Centene Corporation (NYSE:CNC) Q2 2023 Earnings Call Transcript

Kevin Fischbeck : I want to follow up on the comment that redetermination is going as expected. It seems like when you read some of the news articles that things are going — fielding kicked off faster. Obviously, the administration is stepping in, which implies that things are going maybe a little bit faster. We’d love just to kind of hear how you’re thinking about it? What it exactly means to have this delay? Would you expect the pace to change dramatically? Or have you changed your view about the pace of enrollment losses through the year? And is this slowdown of the administration is pushing? Is it more about the timing of how things go the rest of this year? Or do you think that ultimately, it will change that the number of people who get redetermined to often see enrollment?

Sarah London : Thanks, Kevin. Yes, we had always anticipated upfront bolus of redeterminations just because of the fact that there were certain states that were moving faster than others and others that had taken a more ratable approach. So I think the idea that there is a big amount of upfront data is helpful, but not unexpected. And then that has also given us some visibility into where there may be data issues that are causing — or sort of the procedural disenrollments are higher than the states might have originally been expecting. In aggregate, though, as we said, our membership is on track with our expectations. We are recapturing members who fell off, but still have eligibility. And because of all of the outreach efforts we’re making, we’re able to bring those members back on and track the fact that we’re able to successfully reenroll them.

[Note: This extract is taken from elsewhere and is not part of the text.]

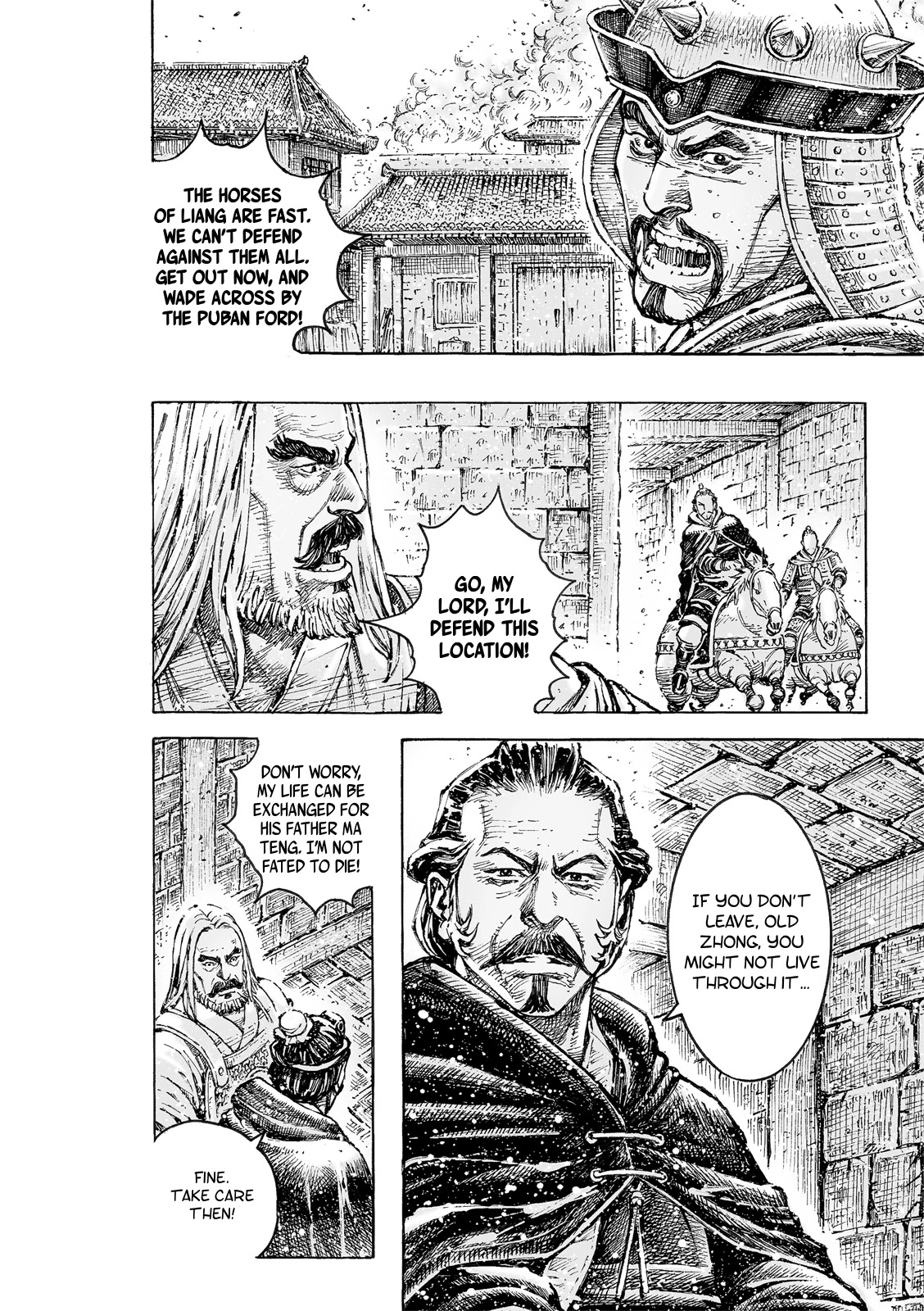 The Ravages of Time Chapter 554 - Page 12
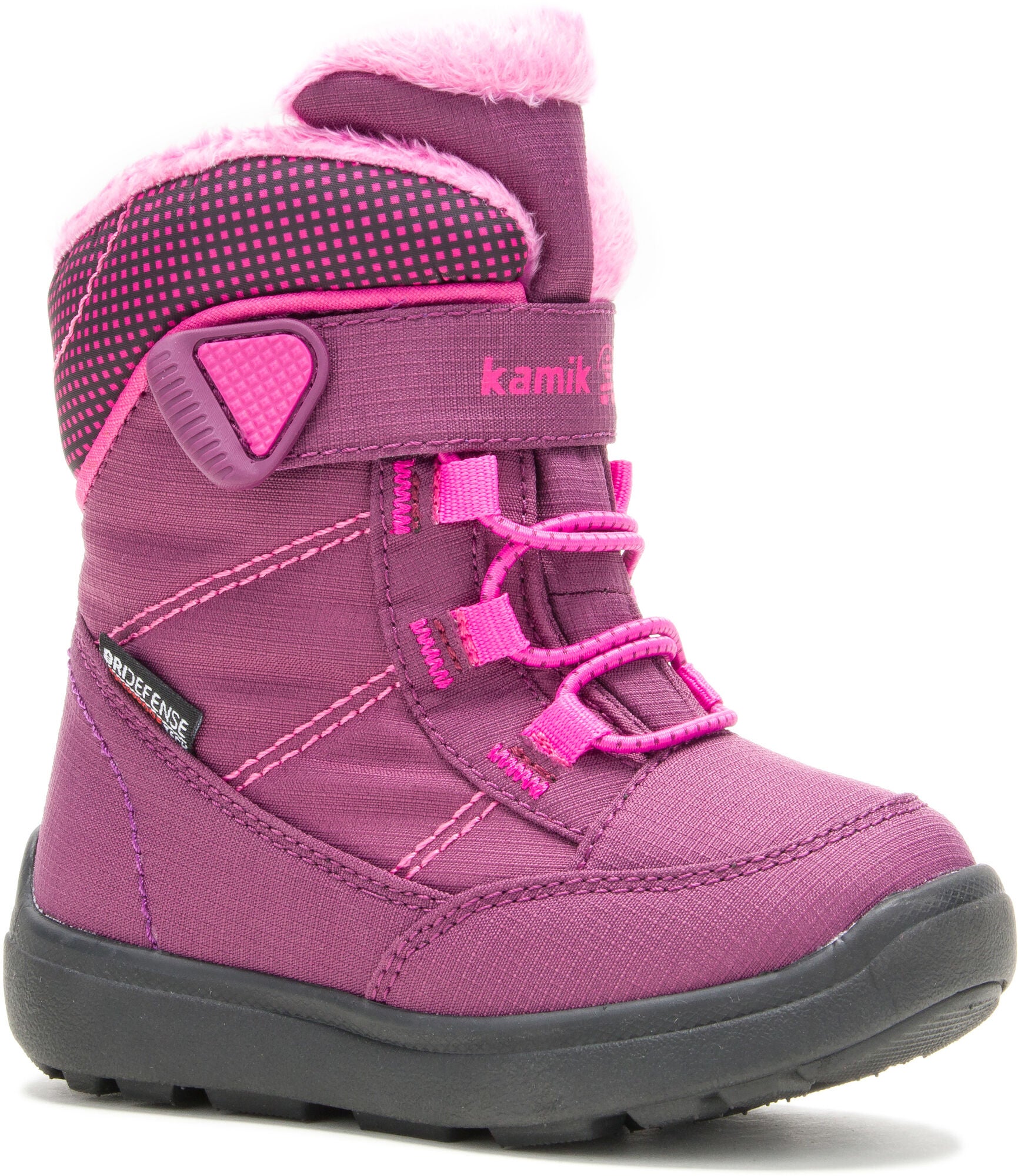 Kamik Stance 2 Winterstiefel, Grape, 33 von Kamik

And again, we do expect that number to grow over the course of the program. Relative to the CMS intervention, our view is that CMS has provided great flexibility for the states to go a little bit slower. Obviously, in recent weeks, they’ve taken a bit of a stronger stance relative to a certain cohort of states, but it’s still too early to see whether that will have a major impact on the slope. Obviously, they’ve asked certain states to pause for a month in other states, they’re looking to extend the grace period relative to members replying to enrollment requests. And so again, hard to say whether that’s a slowdown to make sure that states are getting the process right, so that they can continue at pace or whether for those states that quick out of the gate, it slows them down overall and what that does to the slope line, but that’s something we’re obviously going to be tracking very closely over the next couple of months.

Drew Asher: Yes. And then just one last data point. The ultimate sort of roll-off of redeterminations, our view hasn’t changed. Still about 65% of what we grew since the onset of the pandemic. 3.6 million members would have been the growth. So 65% of that rolling off would be 2.3 million to 2.4 million members, about $9.5 billion to $10 billion of cumulative revenue. So that’s already factored into the numbers we gave in Q1, the $77 billion, for instance, of forecasted Medicaid premium.

Operator: And our next question today comes from Scott Fidel with Stephens.

Scott Fidel : I appreciate all the details that you gave us on some of the dynamics in the Marketplace. May be helpful to just to bring it up to sort of the high level if you wanted to share, what type of commercial MLR you’re now sort of embedding in the 2023 guide and then in the 2024 floor of at least $6.60? And then inside of that, definitely appreciate the conservatism around some of these receivables from some of these plants out there that are in a tough condition. Would you be willing to maybe just give us a little insight into how you sort of develop that $350 million reduction in terms of sort of, I guess, how that breaks down between Friday and bright? Or just how your methodology works is it just sort of a general level of conservatism that you’re building in there?